Hi there! I work for my grandfather as his horticulturist/tank installer/ consultant/ (insert whatever odd job here) and just wanted to post some pictures of the 8 foot background on the terrestrial level. I took it using a panoramic feature on my phone, so sorry if a few places look choppy or cut and pasted. I cant actually view it very well on my phone.


----------



## rmetke (Apr 17, 2013)

That looks pretty amazing! Post more pictures!


----------



## dilljone (Jun 24, 2013)

Sure thing! I have the whole tank picture of a 6 footer. I wish I could get a full (good) picture of the 8 foot, but its in front of a window and the pictures always get so much glare.








Funny thing is we've actually kept some animals in the terrestrial portions of the tanks just fine. Anoles seem to do the best alongside fire bellied toads. We had a clown tree frog in one for awhile but I removed it figuring it'd be better in a more enclosed tank.


----------



## rmetke (Apr 17, 2013)

Thats awesome. I can definitely see how it's more aquatic focused though. So what does your grandfather do that you get to spend your time building these?


----------



## dilljone (Jun 24, 2013)

rmetke said:


> Thats awesome. I can definitely see how it's more aquatic focused though. So what does your grandfather do that you get to spend your time building these?


He's the owner and inventor of the tanks. I don't build them personally but I help out wherever and however on top of taking care of the plants and doing a few installs.
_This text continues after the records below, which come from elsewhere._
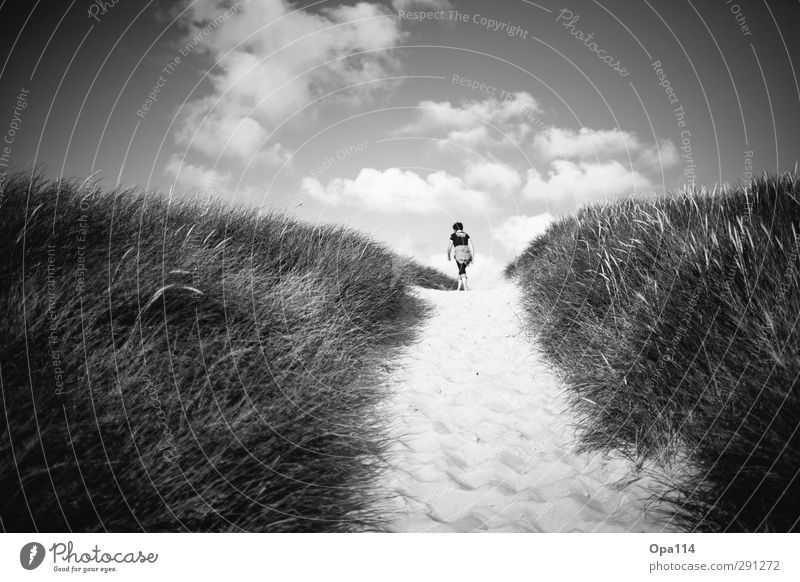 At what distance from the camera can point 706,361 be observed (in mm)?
2424

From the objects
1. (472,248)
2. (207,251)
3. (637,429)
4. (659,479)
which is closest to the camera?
(659,479)

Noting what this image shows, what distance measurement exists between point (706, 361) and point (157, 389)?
12.6 feet

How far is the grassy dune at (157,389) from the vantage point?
1.57 meters

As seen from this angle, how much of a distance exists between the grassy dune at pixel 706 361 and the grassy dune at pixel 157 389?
6.64 feet

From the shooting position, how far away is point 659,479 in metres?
2.22

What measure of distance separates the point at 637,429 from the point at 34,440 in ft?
12.0
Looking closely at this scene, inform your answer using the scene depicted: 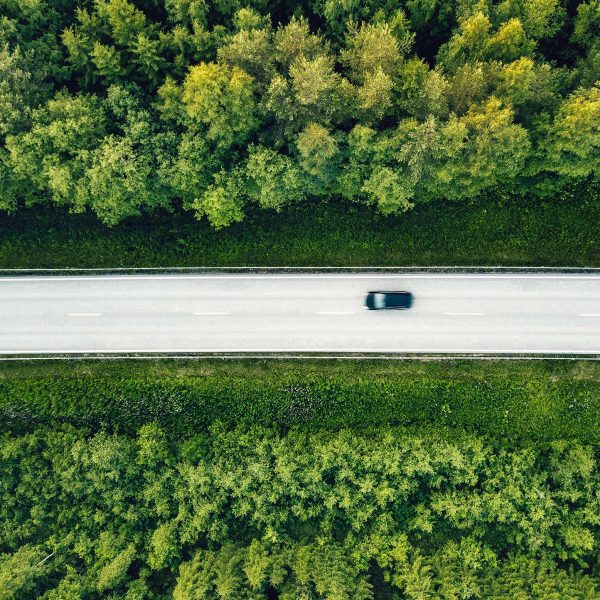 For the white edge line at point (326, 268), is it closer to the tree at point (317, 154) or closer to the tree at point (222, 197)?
the tree at point (222, 197)

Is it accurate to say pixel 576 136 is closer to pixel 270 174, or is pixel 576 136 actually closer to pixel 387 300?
pixel 387 300

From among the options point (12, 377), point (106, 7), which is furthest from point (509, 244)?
point (12, 377)

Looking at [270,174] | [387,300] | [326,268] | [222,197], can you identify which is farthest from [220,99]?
[387,300]

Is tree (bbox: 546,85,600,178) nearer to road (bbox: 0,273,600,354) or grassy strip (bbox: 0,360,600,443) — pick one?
road (bbox: 0,273,600,354)

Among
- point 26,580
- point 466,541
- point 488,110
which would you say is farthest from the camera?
point 466,541

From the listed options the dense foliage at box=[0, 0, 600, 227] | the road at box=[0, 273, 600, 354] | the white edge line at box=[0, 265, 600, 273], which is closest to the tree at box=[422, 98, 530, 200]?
the dense foliage at box=[0, 0, 600, 227]

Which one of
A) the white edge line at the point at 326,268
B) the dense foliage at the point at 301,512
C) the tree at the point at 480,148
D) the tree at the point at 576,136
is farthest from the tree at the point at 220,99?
the dense foliage at the point at 301,512

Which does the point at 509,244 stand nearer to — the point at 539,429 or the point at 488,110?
the point at 488,110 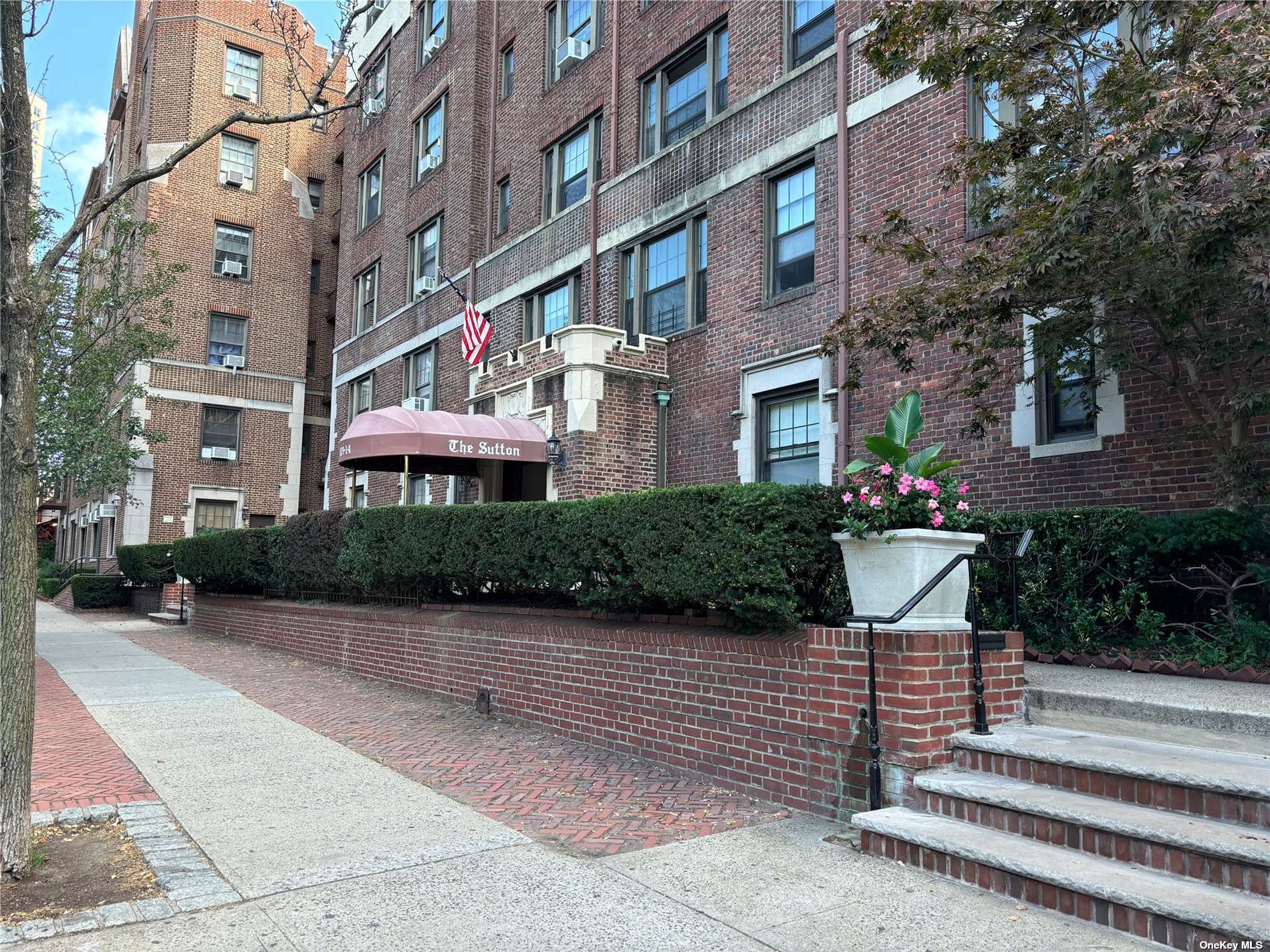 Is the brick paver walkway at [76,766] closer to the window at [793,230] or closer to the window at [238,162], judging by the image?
the window at [793,230]

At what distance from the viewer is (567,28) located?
59.3ft

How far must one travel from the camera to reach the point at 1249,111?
5844mm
That and consulting with customers, usually for more reptile and amphibian based custom tanks (my true area of expertise).


----------



## redtxn (Apr 30, 2013)

Macro tanks are stunning and fun to explore with your eyes, especially when you are used to very small enclosures where the entire landscape can be viewed without peripheral vision.


----------



## zachxbass (Apr 21, 2008)

Very cool. Are they glass or acrylic maybe I missed it. When can you make it to Ohio, I need one of those!

Sent from my kindle fire using tapatalk


----------



## dilljone (Jun 24, 2013)

zachxbass said:


> Very cool. Are they glass or acrylic maybe I missed it. When can you make it to Ohio, I need one of those!
> 
> Sent from my kindle fire using tapatalk


Theyre all glass. And they arent open 24/7 they have a glass slide down window in the front that lets it close. Pretty useful for a humidity boost or just for show.


----------



## Ghost vivs (Sep 26, 2010)

Looking good! Now where is the pic of that stump you made...

Casper


----------



## VivariumWorks (Feb 27, 2008)

DAS out of Waxahachie, TX. Seriously cool stuff. I met your grandfather at a show last year and he was super cool and nice. I recognized that background material instantly. The website with more pictures of the system looks great.


----------



## dilljone (Jun 24, 2013)

Aaah i don't have the stump but I might have a picture of a fake tree we made recently. One of those two pieces is 100% fabricated.


----------



## Nate Mcfin (Sep 22, 2010)

Really nice stuff. I would love read about some of the techniques you guys are using!


----------



## zachxbass (Apr 21, 2008)

Nate Mcfin said:


> Really nice stuff. I would love read about some of the techniques you guys are using!


Me too!

Sent from my kindle fire using tapatalk


----------



## mudgudgeon (May 26, 2013)

zachxbass said:


> Me too!


Me three!


----------